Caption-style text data

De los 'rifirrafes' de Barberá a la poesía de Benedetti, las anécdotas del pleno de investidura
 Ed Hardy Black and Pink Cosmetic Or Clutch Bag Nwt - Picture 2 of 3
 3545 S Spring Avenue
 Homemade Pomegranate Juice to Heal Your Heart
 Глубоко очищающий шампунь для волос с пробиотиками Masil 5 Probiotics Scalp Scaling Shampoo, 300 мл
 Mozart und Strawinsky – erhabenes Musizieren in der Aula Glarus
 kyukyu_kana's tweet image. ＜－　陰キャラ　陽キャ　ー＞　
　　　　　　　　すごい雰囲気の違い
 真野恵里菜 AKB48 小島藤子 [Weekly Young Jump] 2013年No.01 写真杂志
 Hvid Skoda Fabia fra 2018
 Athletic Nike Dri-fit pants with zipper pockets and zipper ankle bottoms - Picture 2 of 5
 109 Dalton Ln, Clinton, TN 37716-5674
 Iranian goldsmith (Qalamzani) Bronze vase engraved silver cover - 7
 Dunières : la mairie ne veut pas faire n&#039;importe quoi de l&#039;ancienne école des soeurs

Problem details: Say how many lines in the records hold "Picture", with the number as the whole reply.

Answer section: 2